* **Task to complete**: Copy each line of the listing below exactly and drop the images.

* **Dataset section**:
*** Begin section ***
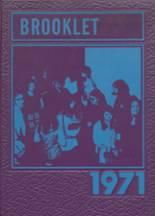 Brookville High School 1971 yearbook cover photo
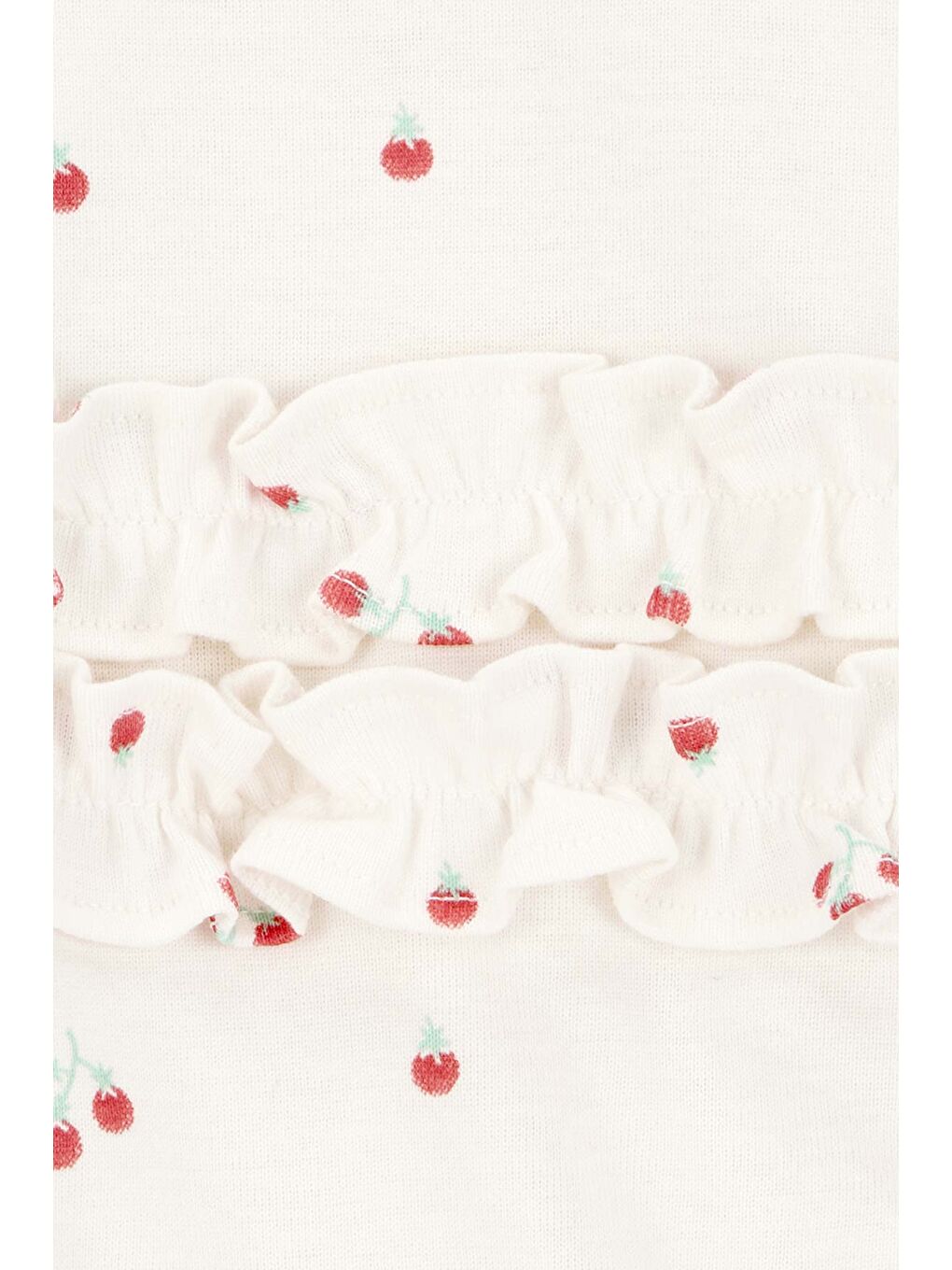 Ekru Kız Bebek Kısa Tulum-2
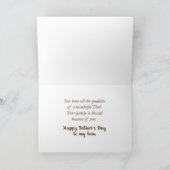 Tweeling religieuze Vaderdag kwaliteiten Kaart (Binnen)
*** End section ***
* **Answer to this problem**:
 Brookville High School 1971 yearbook cover photo
 Ekru Kız Bebek Kısa Tulum-2
 Tweeling religieuze Vaderdag kwaliteiten Kaart (Binnen)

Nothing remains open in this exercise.